Grannus names EPC partner

Grannus LLC, Tucson, Ariz., has selected Plant Process Equipment (PPE) as its Engineering, Procurement and Construction (EPC) management company for its regional-scale advanced ammonia plant to be built in Kern County, Calif.

The Grannus plant is expected to operate below all applicable California air quality control standards and will produce 250 st/d, representing approximately 40 percent of California’s agricultural ammonia consumption.

“Plant Process Equipment’s deep experience in the modular design of syngas plants is a perfect fit for our regional-sized California plant. It’s our intent to replicate the California plant design throughout the world to further reduce capital costs and to streamline lead times for delivery,” said Matthew Cox, CEO of Grannus.

Ken Reynaud, PPE’s senior vice president, said, “The Grannus project is right in our wheelhouse, serving Grannus’ desire for a modular design that can be fabricated offsite and delivered anywhere in the world on a very cost-effective basis.

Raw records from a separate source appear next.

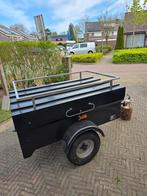 Saris bagagewagen, Caravans en Kamperen, Ophalen, Gebruikt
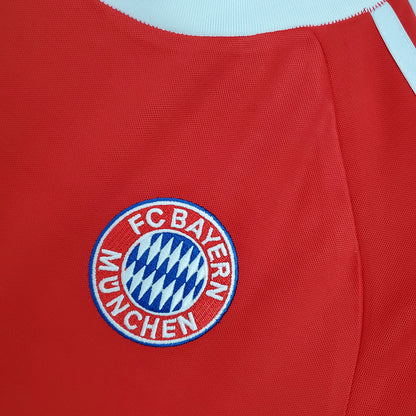 Bayern Munich 2000/01 Home Shirt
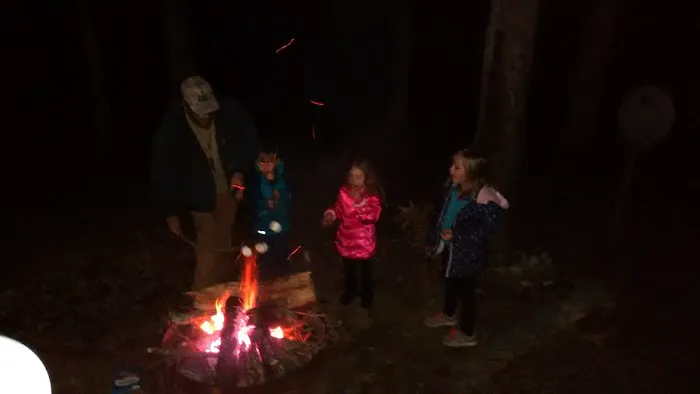 Group Camp Area Tombigbee State Park Picture 6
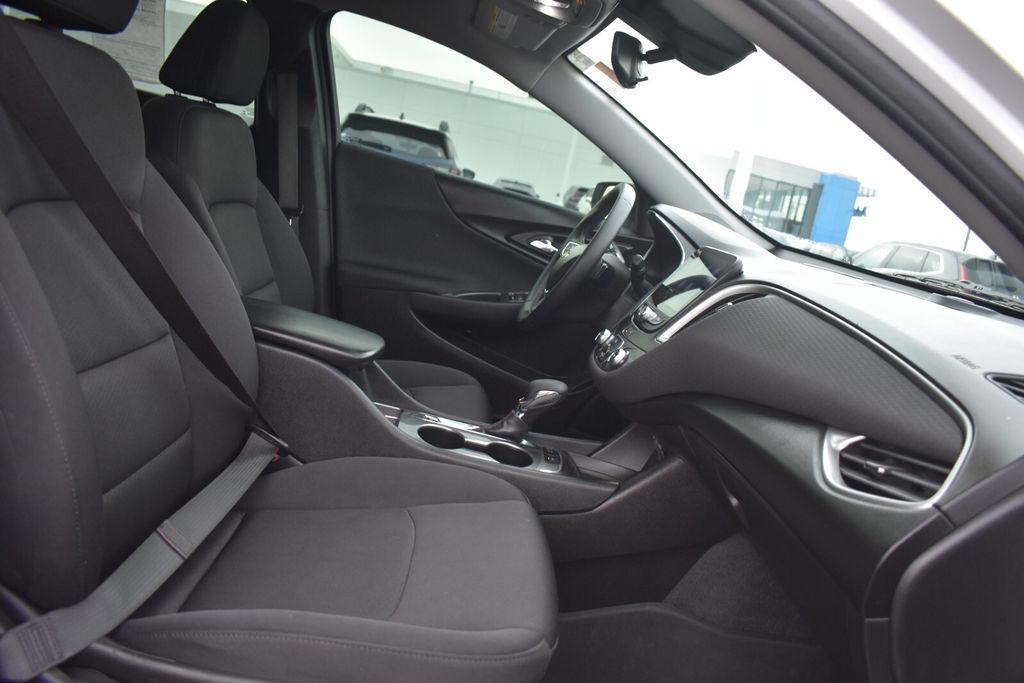 used 2024 Chevrolet Malibu car, priced at $18,995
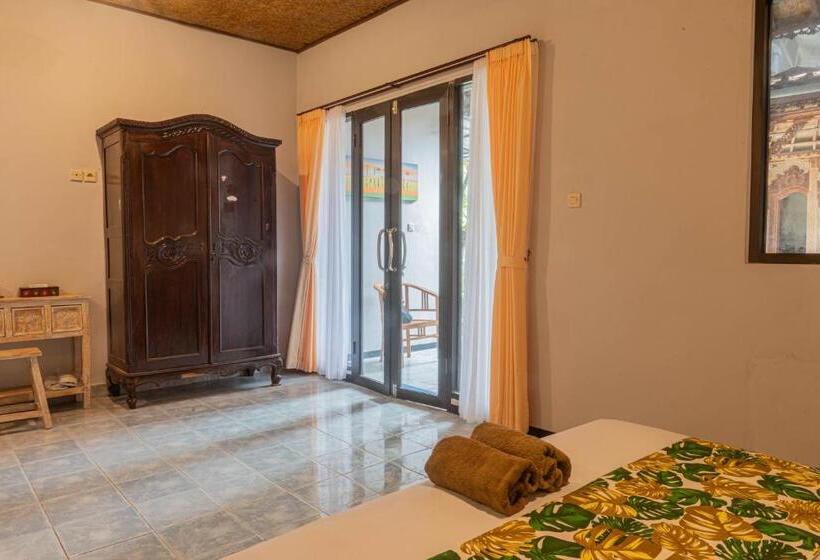 Студия Deluxe, Griya Buda Guest House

The benefit will be ammonia plants that can deliver product on a regional basis at costs competitive with those of world-scale facilities.”

The Grannus plant will be the first ammonia plant built in California in more than 60 years. It will be operational in 2019.

HPS to pursue permitting

Junior phosphate mining company HPS II LLC said Dec. 6 that it is poised to move forward with the permitting phase of its plan to open a new phosphate resource in North Central Florida. The plan includes facilities in both Bradford and Union counties. Production projections for each plant currently forecast approximately 1.2 million st/y of 66-68 BPL (30-31 percent P2O5) wet rock.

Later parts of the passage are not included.